- [Problem description]:
Leave out the pictures, and print exactly the lines from the one holding "Women's 2023 White/Gum" through the last line of the material.

- [Dataset extract]:
########################################

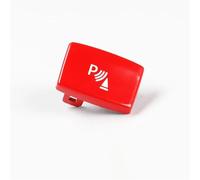 Interruptor De Modo Sport Eco Drive, Botón De Apagado PDC DSC, Unidad De Consola Central Para F20 F21 F22 F23 F30 F31 F34 F32 F33 F36 Calcomanías Para Coche(ROJO,X-2)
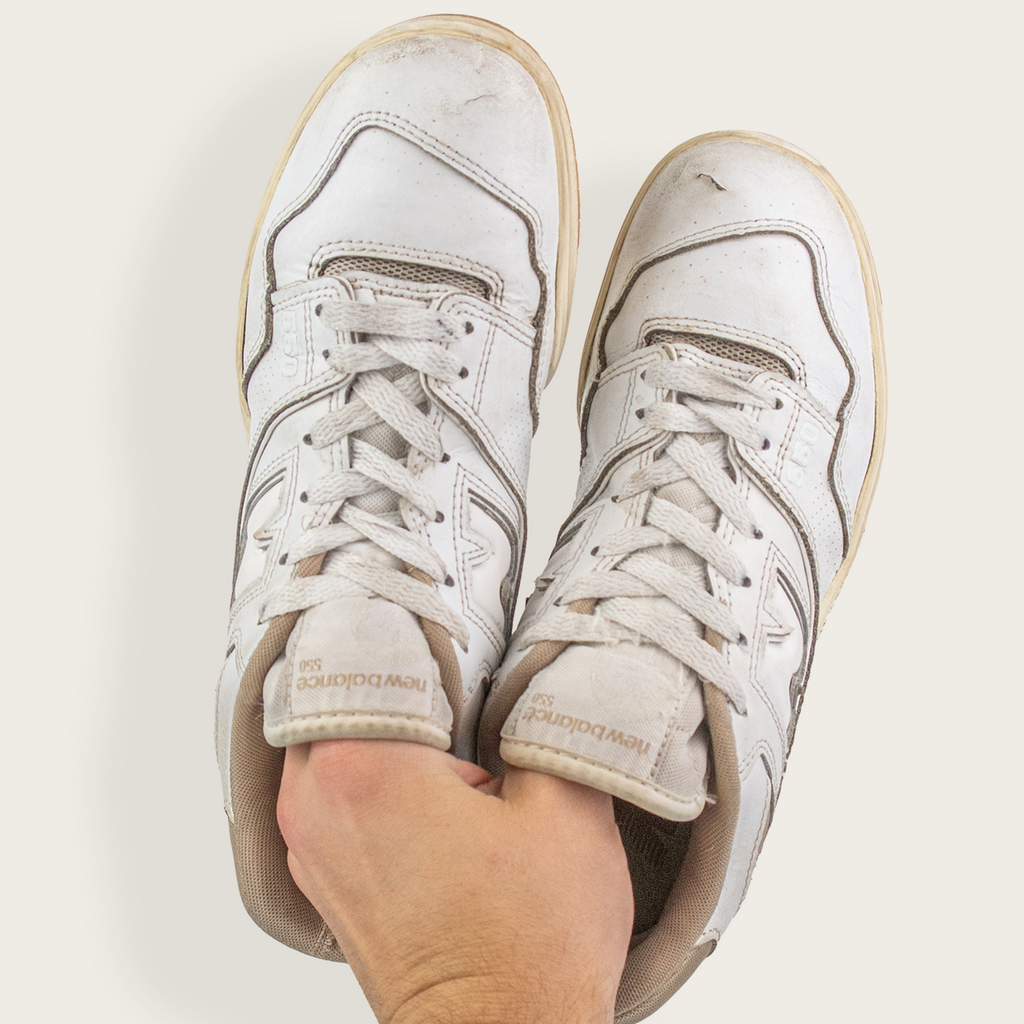 Women's 2023 White/Gum NEW BALANCE 550 Sneakers - US 8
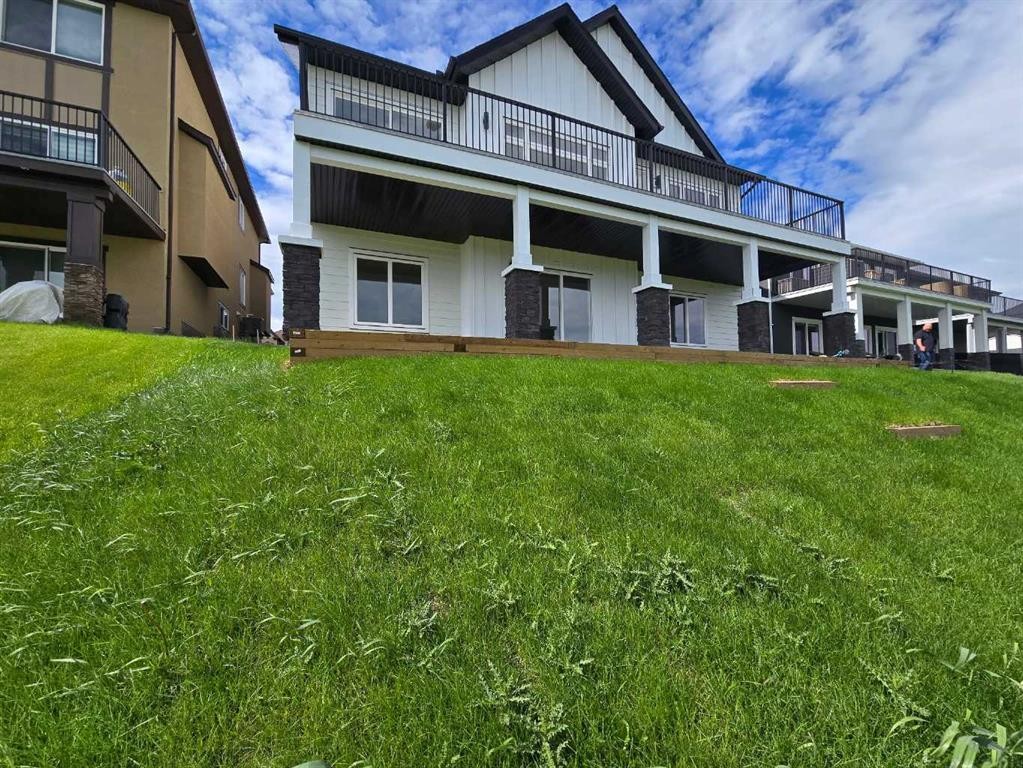 150 Muirfield Boulevard, Lyalta, AB - Outdoor With Deck Patio Veranda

########################################

- [Response area]:
 Women's 2023 White/Gum NEW BALANCE 550 Sneakers - US 8
 150 Muirfield Boulevard, Lyalta, AB - Outdoor With Deck Patio Veranda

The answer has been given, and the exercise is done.